* _MATERIAL TO PROCESS_
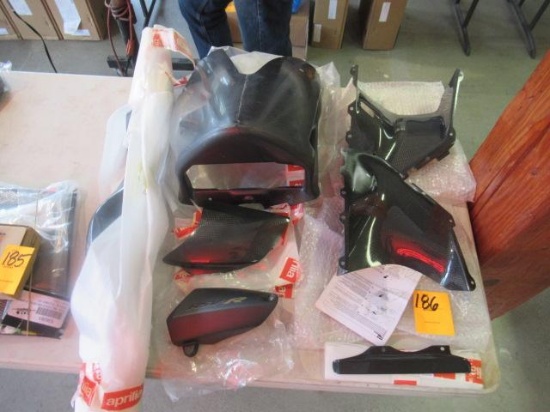 ASSORTED APRILIA CARBON FIBER PIECES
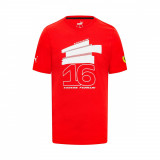 Ferrari tricou de bărbați Leclerc Driver Red F1 Team 2023 - L, Puma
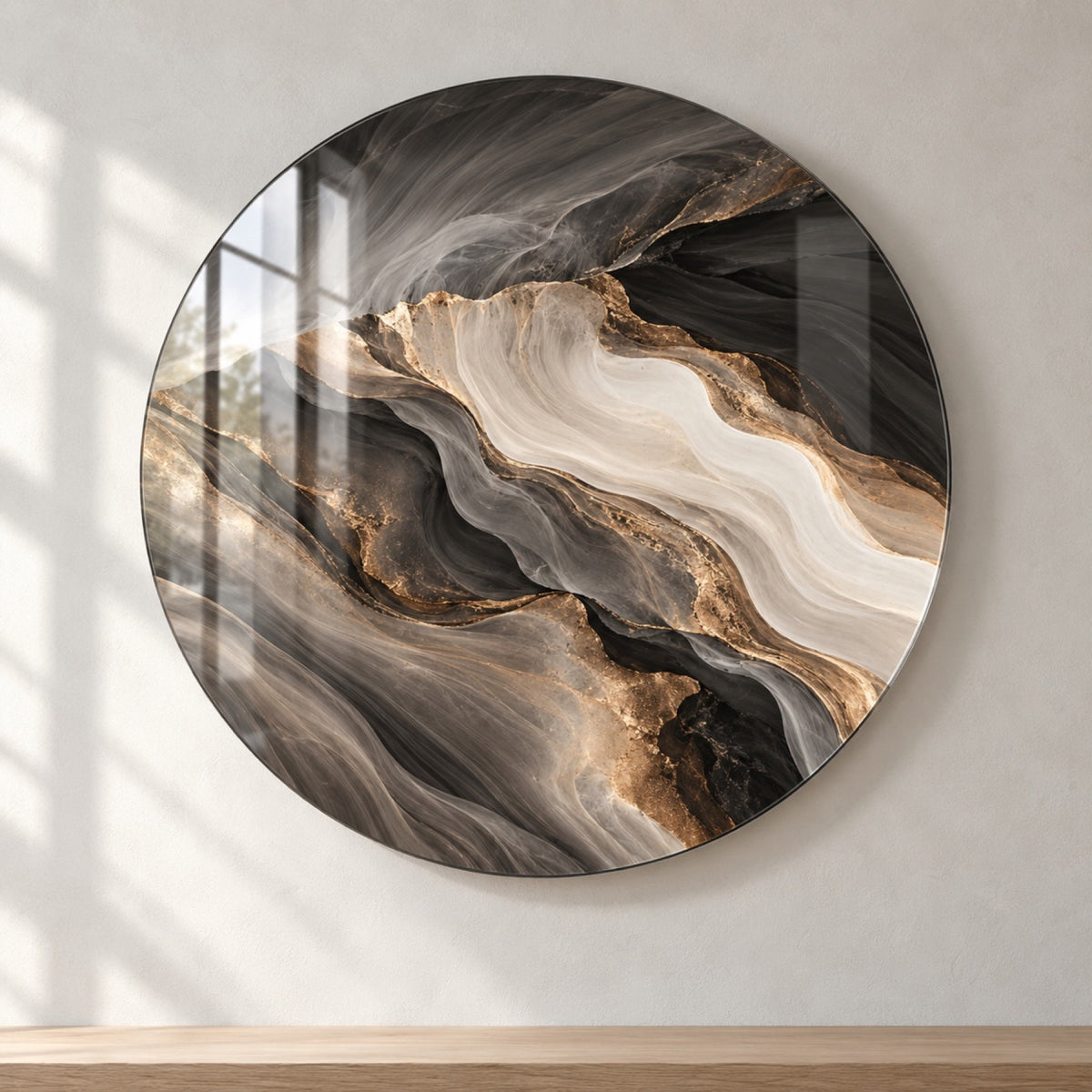 Round Glass Wall Art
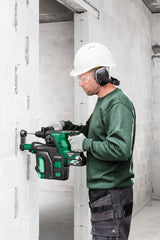 HIKOKI Martillo perforador y cincelador con batería DH1826DA, grabación: SDS-plus (18 V, 5,0 Ah, velocidad de ralentí 0-4300 min-1, energía de impacto (según EPTA 5.0): 3,2 J, motor sin escobillas,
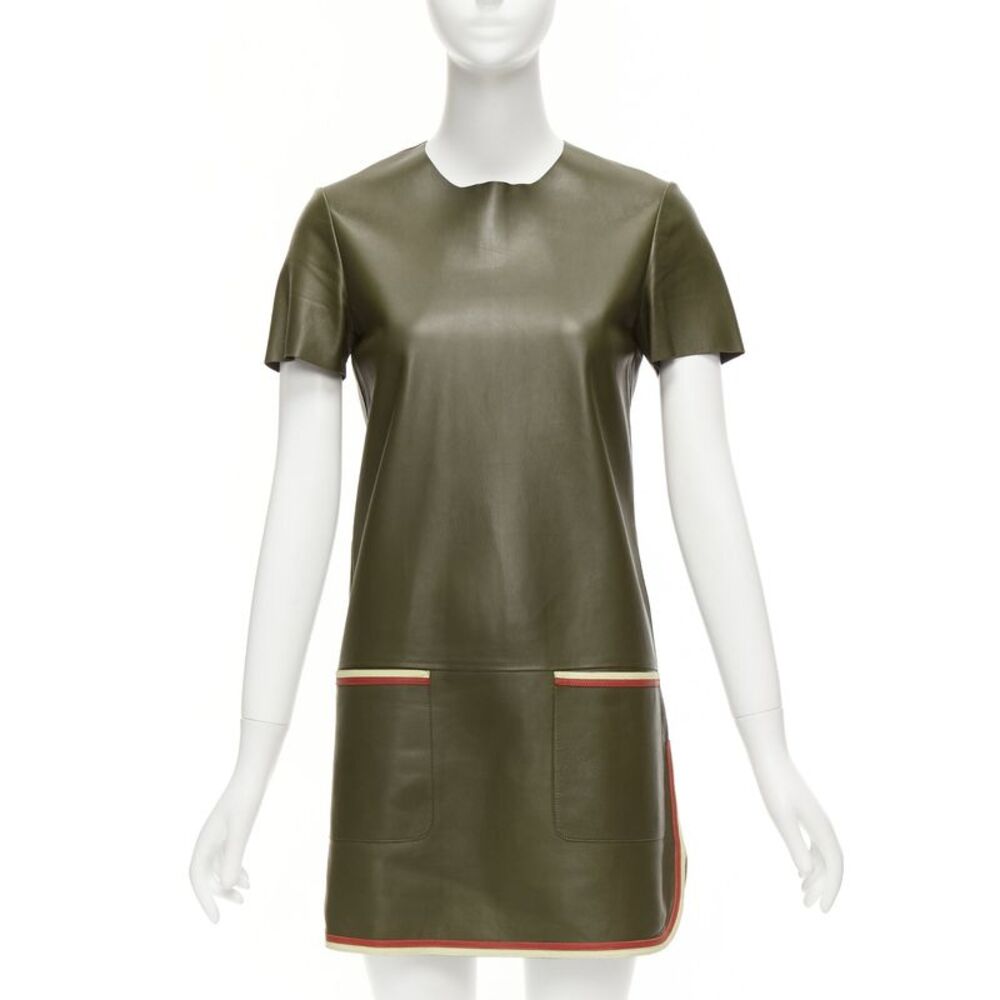 Celine Leather Mod Dress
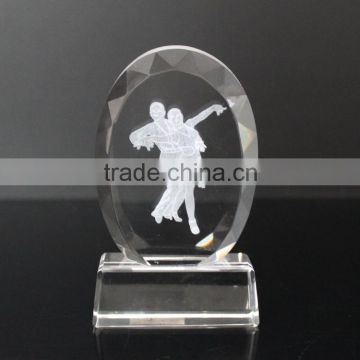 New arrival 3d laser engraving crystal gifts for love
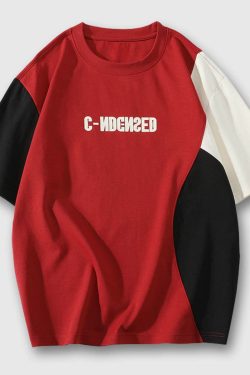 Style Core Aesthetics, New Style Trends Trendy Color Block Tee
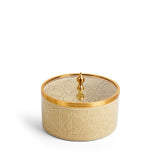 Luxury Majlis - Large Canister - Beige & Gold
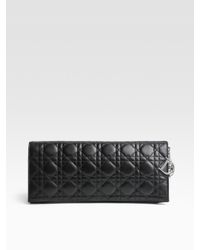 Dior | Black Lady Large Clutch | Lyst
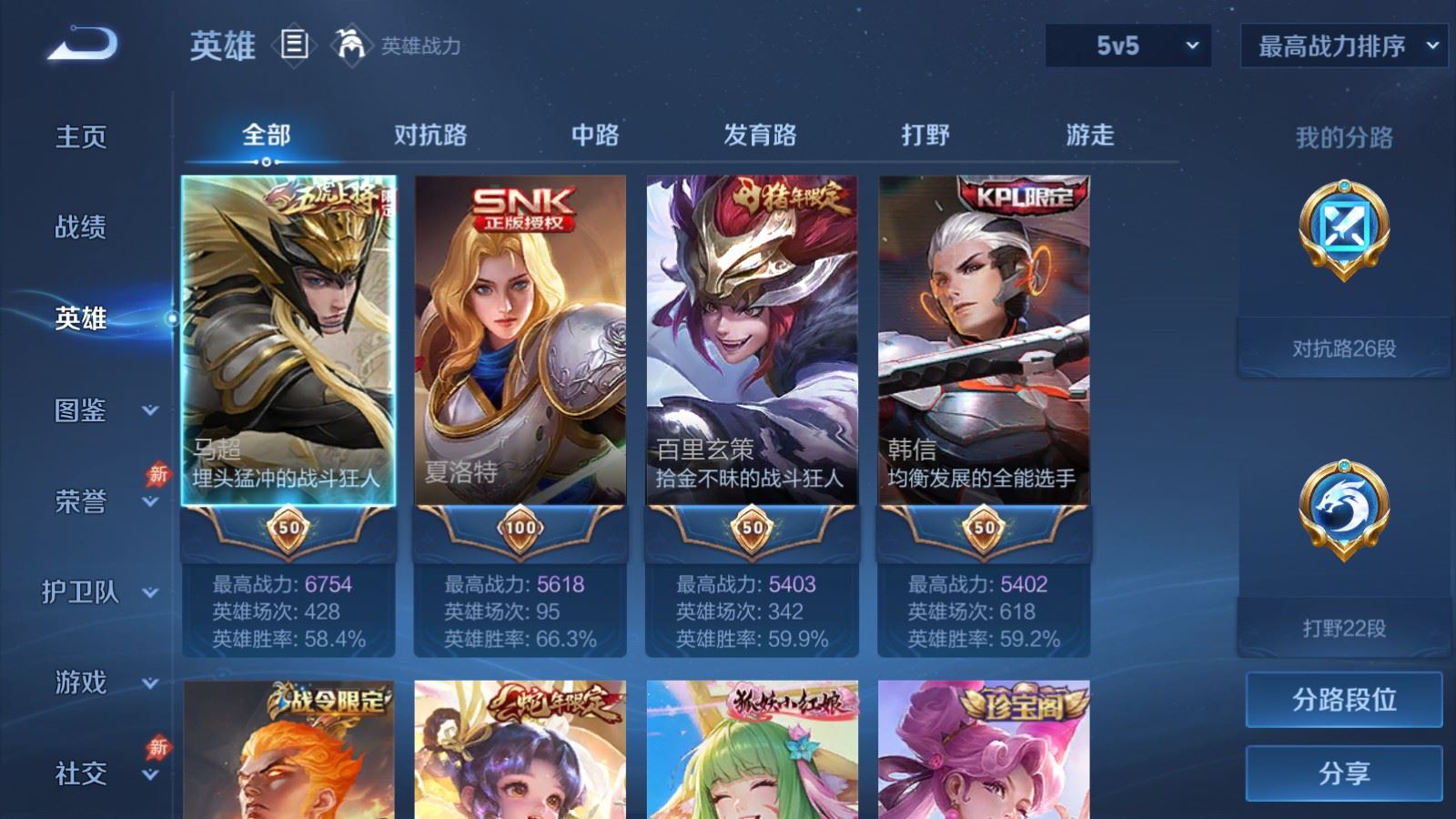 WZCMW4324789王者荣耀账号详情图2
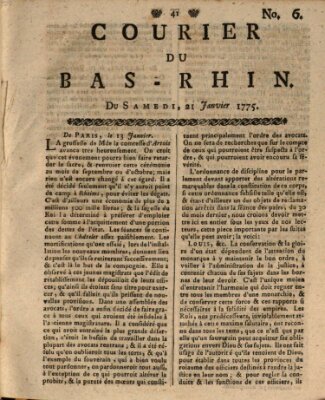 Courier du Bas-Rhin Samstag 21. Januar 1775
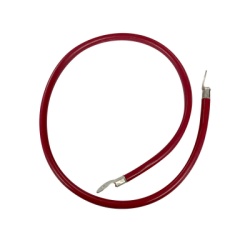 EPCOM POWERLINE CBL-AWG2-1R Cable para Baterias 1 m Rojo Calibre 2 AWG con Terminales de Ojo en Ambos Extremos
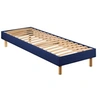 Image de Sommier en kit déco bleu nuit - 90x190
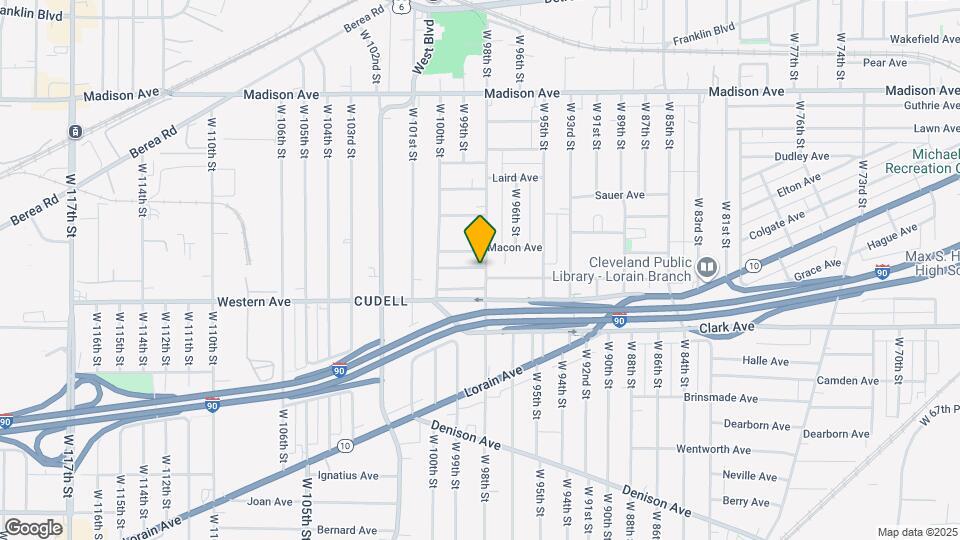 2202 W 98th St Map and Location Details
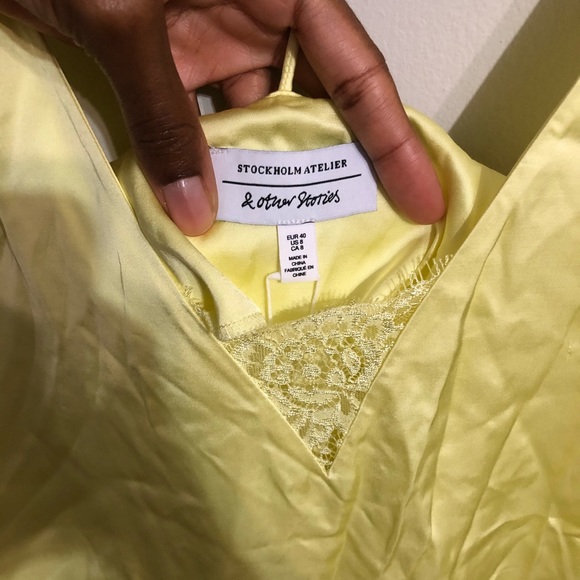 nwt &/and other stories satin slip dress - Picture 12 of 13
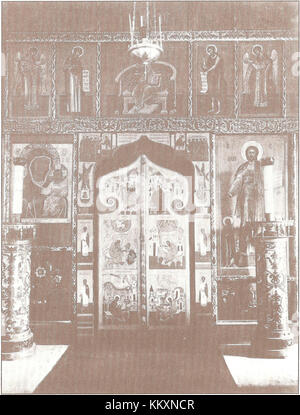 L'église Saint-Nicolas, située à Straw Lodge, est un monument architectural et historique, connu pour son importance dans la communauté locale et son importance religieuse. Banque D'Images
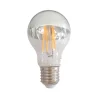 Ampoule LED E27 Filament 7W A60 Reflet Argent - Blanc Chaud 2300K - 3500K - SILAMP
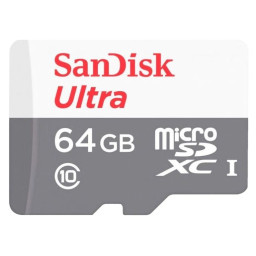 Карта пам’яті SanDisk Ultra microSDXC 64GB 100MB/s Class 10 UHS-I Карта пам’яті SanDisk Ultra microSDXC 64GB 100MB/s Class 10 UHS-I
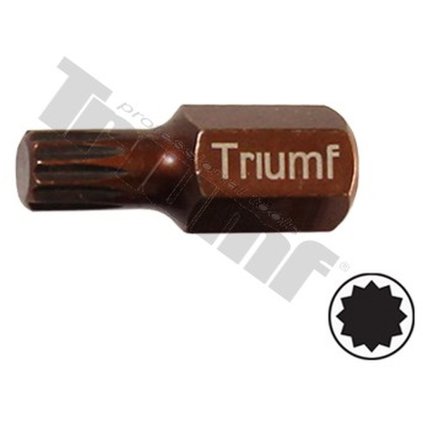 Bit XZN tisíchran, 10 mm driek, dĺžka 30 mm M8 TRIUMF T680
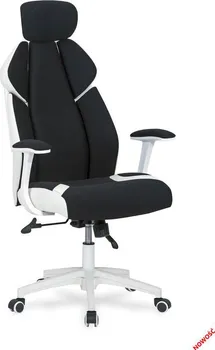 kancelářská židle Halmar Chrono černá/bílá
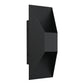 YANSUN 12in Black LED Wall Sconce 14W 595LM 3CCT Dimmable Modern Steel Wall Light Sand Blast Acrylic cETLus Certified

* _WHAT YOU HAVE TO DO_
Only the lines from the one containing "kancelářská židle Halmar Chrono černá/bílá" through the end of the listing above should be reproduced, exactly as they stand. Leave the pictures out.

* _YOUR RESPONSE_
 kancelářská židle Halmar Chrono černá/bílá
 YANSUN 12in Black LED Wall Sconce 14W 595LM 3CCT Dimmable Modern Steel Wall Light Sand Blast Acrylic cETLus Certified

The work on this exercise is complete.